System: The following message was spliced on to this thread from:
http://www.webmasterworld.com/search_engine_spiders/4236027.htm [webmasterworld.com] by incredibill - 7:46 am on Nov 29, 2010
(PST -8)
This posting is in part the result of a report at nodpi.org and partly a follow-on from a discussion in the WebmasterWorld UK & Ireland Search Engines forum at [
webmasterworld.com...]
TalkTalk, who have many aliases (significant one here is Opal), employ the spider to check whether a web page has a virus or not. This would be OK if it were checking on the client machine but it's instead intercepting the communication using Deep Packet Inspection, which is illegal in many parts of the world including Europe (UK is currently being sued by EU Justice over the BT Phorm trials and other privacy issues).
In TalkTalk's Q&A:
"7. Will only customers who sign up to Network Security have the websites they visit scanned?"
"We are scanning all the websites our customer base as a whole visits, in complete anonymity.
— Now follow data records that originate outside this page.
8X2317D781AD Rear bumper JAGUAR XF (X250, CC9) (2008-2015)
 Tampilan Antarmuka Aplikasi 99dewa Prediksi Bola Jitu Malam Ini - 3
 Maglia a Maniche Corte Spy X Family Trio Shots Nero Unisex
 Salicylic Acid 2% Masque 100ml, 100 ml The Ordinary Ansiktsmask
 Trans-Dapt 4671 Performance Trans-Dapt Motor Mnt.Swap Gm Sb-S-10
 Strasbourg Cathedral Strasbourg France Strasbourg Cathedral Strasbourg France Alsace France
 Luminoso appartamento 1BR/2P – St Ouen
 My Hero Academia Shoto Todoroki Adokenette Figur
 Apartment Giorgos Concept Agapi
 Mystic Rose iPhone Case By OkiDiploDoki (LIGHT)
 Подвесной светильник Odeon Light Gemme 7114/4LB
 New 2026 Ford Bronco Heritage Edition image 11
You have to opt-into the Virus Alerts product itself, so if you don't want the warnings while you browse you don't have to enable the service, or if you activate Virus Alerts, you can switch it off again at any time afterwards."
What this means in practice is that TalkTalk visits EVERY web page any of their users visit regardless of whether the facility is opted-into or not (but see below). I do not know if robots.txt is obeyed (see below).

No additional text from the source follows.